* **Dataset excerpts**
>>

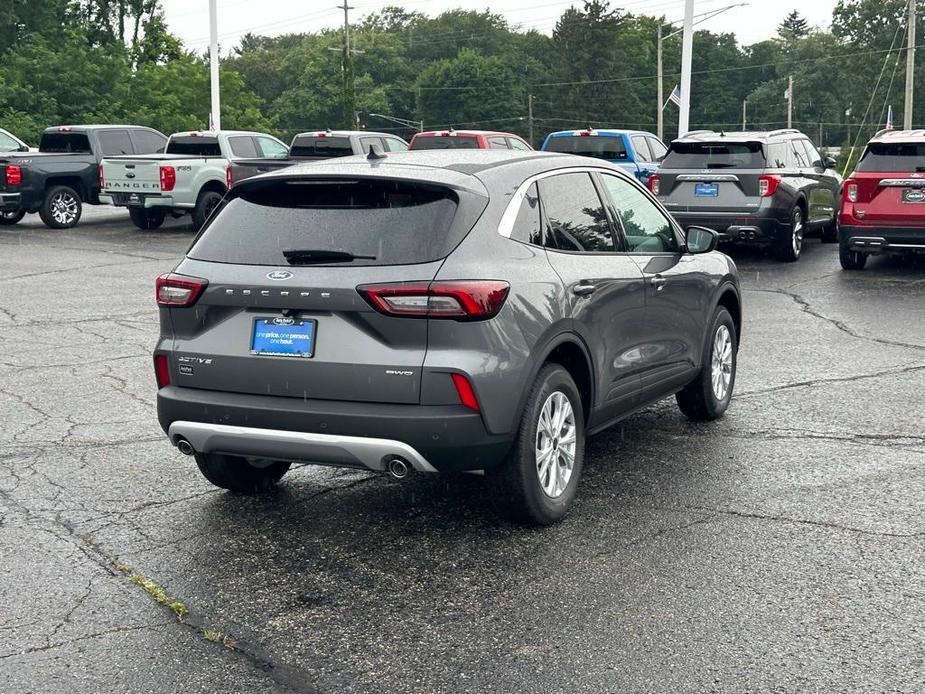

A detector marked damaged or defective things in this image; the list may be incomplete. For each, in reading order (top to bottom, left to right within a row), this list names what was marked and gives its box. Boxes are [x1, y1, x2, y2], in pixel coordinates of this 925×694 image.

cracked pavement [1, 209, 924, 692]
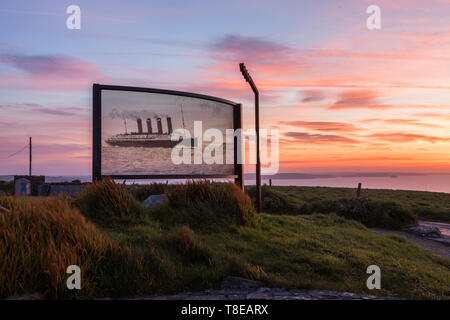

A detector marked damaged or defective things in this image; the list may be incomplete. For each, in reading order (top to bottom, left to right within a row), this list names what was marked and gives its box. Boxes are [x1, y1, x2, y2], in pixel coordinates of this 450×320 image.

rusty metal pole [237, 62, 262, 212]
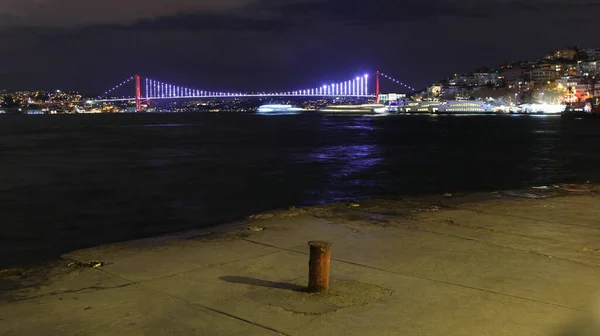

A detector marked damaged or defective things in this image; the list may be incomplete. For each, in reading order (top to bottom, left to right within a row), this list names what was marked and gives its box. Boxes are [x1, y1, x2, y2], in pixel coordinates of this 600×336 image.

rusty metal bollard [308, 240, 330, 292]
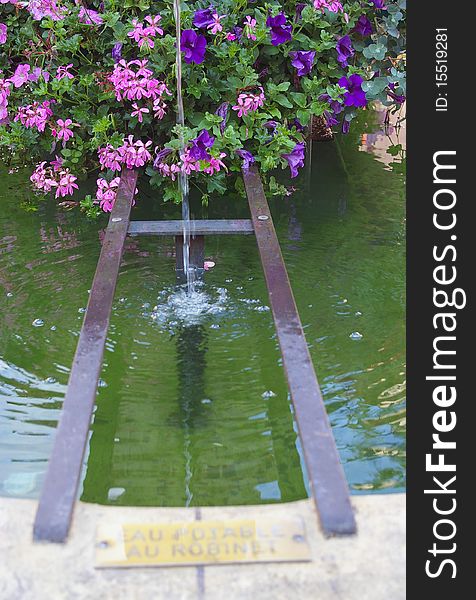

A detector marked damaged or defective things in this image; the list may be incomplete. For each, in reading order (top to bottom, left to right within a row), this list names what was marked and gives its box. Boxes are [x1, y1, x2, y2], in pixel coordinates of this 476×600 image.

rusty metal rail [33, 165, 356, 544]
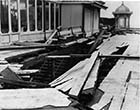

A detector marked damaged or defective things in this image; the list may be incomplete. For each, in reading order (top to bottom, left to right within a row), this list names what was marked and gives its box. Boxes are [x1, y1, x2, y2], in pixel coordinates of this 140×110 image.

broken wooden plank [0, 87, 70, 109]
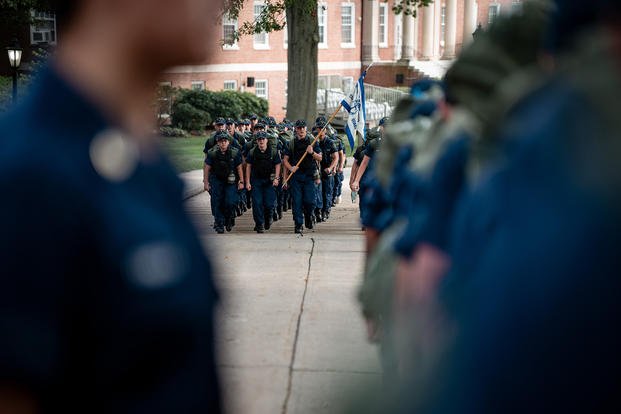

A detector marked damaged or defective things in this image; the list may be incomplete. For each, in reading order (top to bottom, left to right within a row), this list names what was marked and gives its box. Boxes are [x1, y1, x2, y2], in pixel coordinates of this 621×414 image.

<<

* **WHAT THE TASK ASKS**
Reproduce the data above exactly, leaving out any picture in it.

* **RESPONSE BELOW**
A detector marked damaged or defective things in this image; the list may be incomplete. For each, in reading order (top to bottom, left to right within a row), this list names what was marked and gives its box. Boxes are [x1, y1, x2, y2], in pixel coordinates of this 925×694 image.

cracked pavement [1, 209, 924, 692]

A detector marked damaged or defective things in this image; the list may be incomplete. For each, in reading order (top to bottom, left to right within a row), this list names what was marked and gives its box. Boxes are [x1, y1, x2, y2], in pixel coordinates of this 450×320 image.

rusty metal pole [237, 62, 262, 212]

A detector marked damaged or defective things in this image; the list may be incomplete. For each, in reading order (top to bottom, left to right within a row), this list names what was marked and gives its box. Boxes are [x1, y1, x2, y2], in pixel coordinates of this 600×336 image.

rusty metal bollard [308, 240, 330, 292]

A detector marked damaged or defective things in this image; the list may be incomplete. For each, in reading order (top to bottom, left to right within a row), this list names what was marked and gives its box. Boxes are [x1, y1, x2, y2], in pixel coordinates of this 476×600 image.

rusty metal rail [33, 165, 356, 544]

A detector marked damaged or defective things in this image; the list may be incomplete. For each, in reading order (top to bottom, left to right within a row), this list names what was marked and gives its box. Boxes are [x1, y1, x2, y2], in pixel coordinates of this 140×110 image.

broken wooden plank [0, 87, 70, 109]

A detector marked damaged or defective things in this image; the list may be incomplete. For each, in reading order (top to bottom, left to right within a row), this list names what was marked and gives its box. Boxes are [x1, y1, x2, y2], in pixel coordinates of this 621×414 image.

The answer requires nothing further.